▸ **Action item**
Pictures in the records below must be left out. Return exactly the lines from the line with "P2U Spooky Halloween" to the line with "11,5м3/ч Laswim P-DG", both included.

▸ **Given records**
■ ■ ■ ■ ■ ■ ■
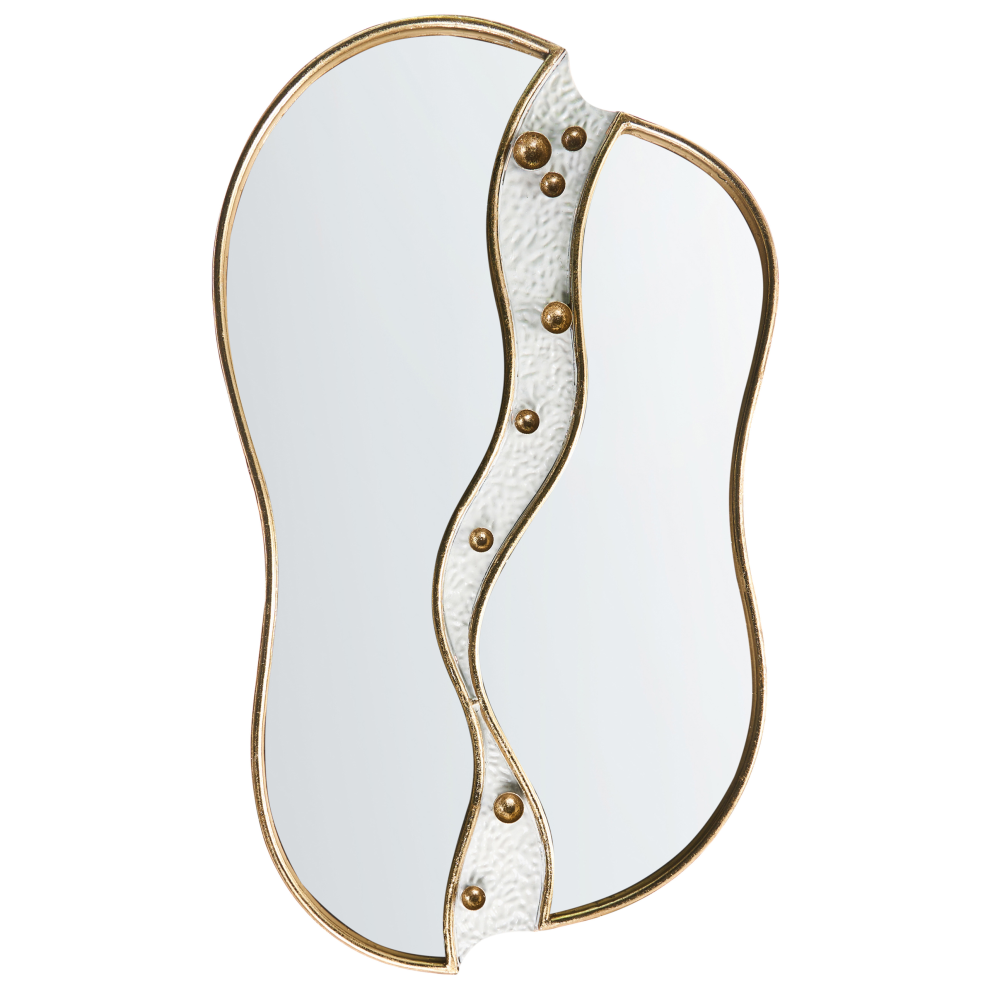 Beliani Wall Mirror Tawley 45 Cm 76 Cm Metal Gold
■ ■ ■ ■ ■ ■ ■
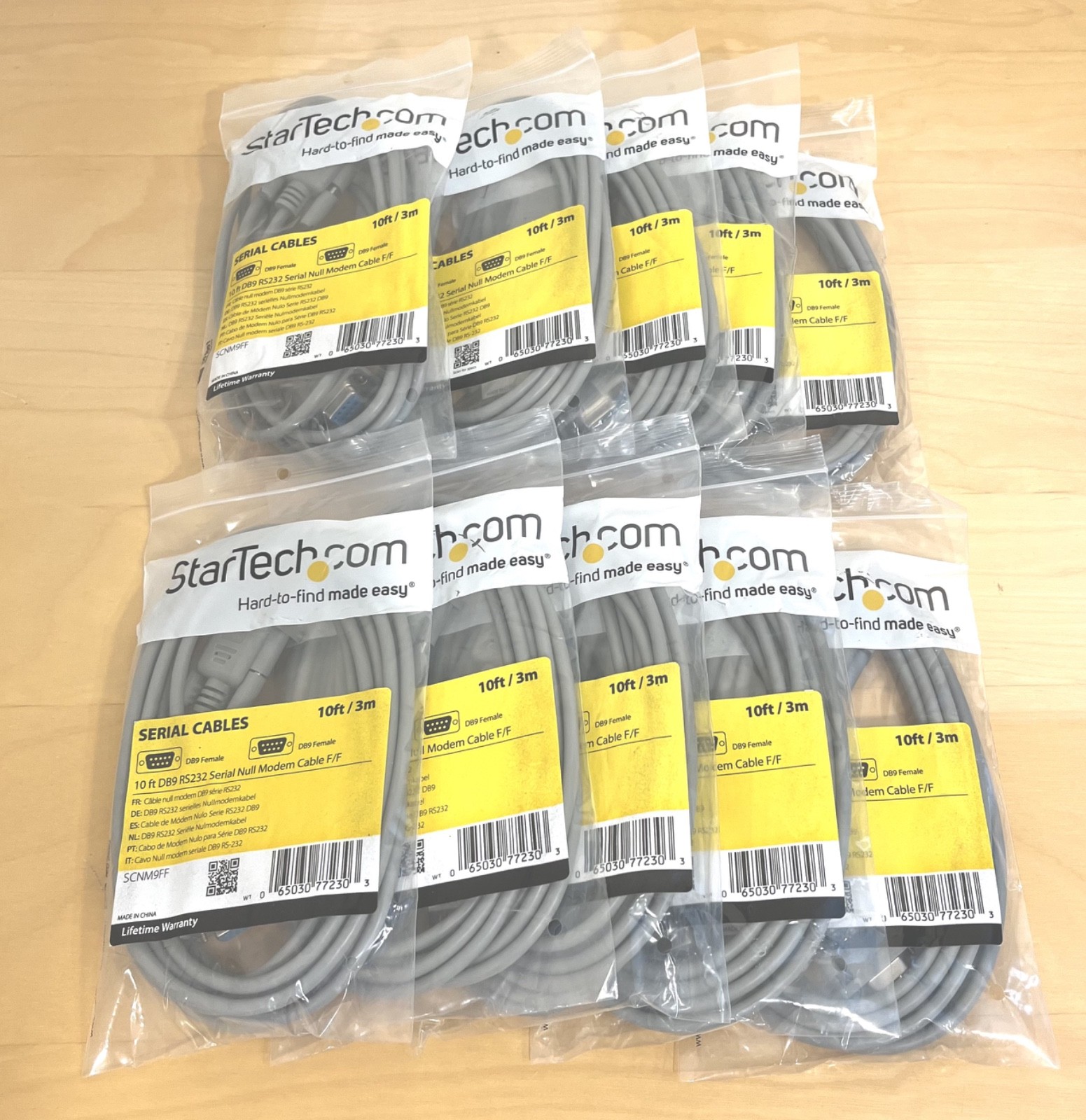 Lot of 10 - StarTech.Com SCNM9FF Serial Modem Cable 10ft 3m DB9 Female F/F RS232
■ ■ ■ ■ ■ ■ ■
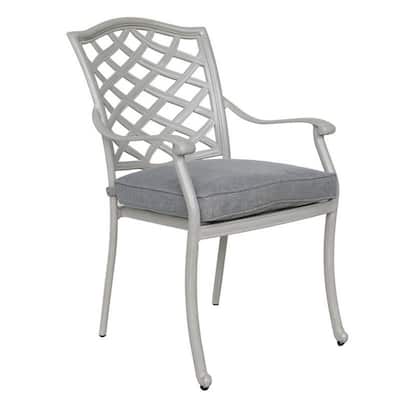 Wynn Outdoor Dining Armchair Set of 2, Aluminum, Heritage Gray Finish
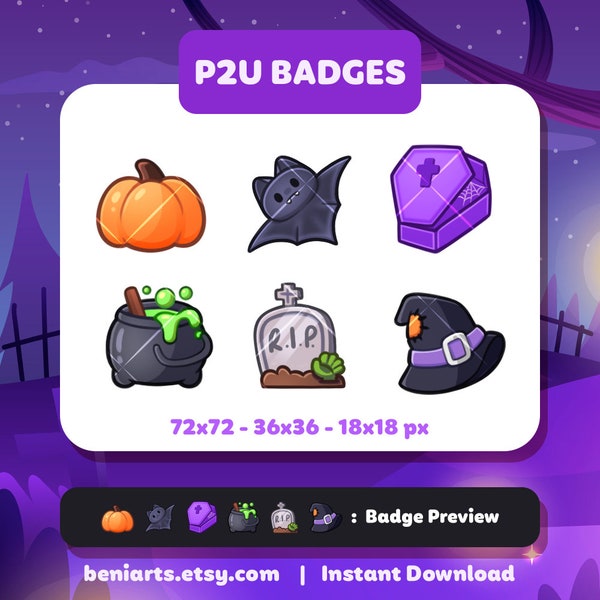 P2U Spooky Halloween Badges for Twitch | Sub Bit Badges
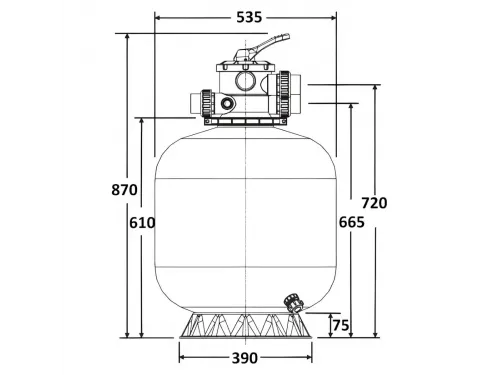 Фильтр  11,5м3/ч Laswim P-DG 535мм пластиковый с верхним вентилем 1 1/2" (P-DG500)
■ ■ ■ ■ ■ ■ ■
▸ **Solution for this problem**
 P2U Spooky Halloween Badges for Twitch | Sub Bit Badges
 Фильтр  11,5м3/ч Laswim P-DG 535мм пластиковый с верхним вентилем 1 1/2" (P-DG500)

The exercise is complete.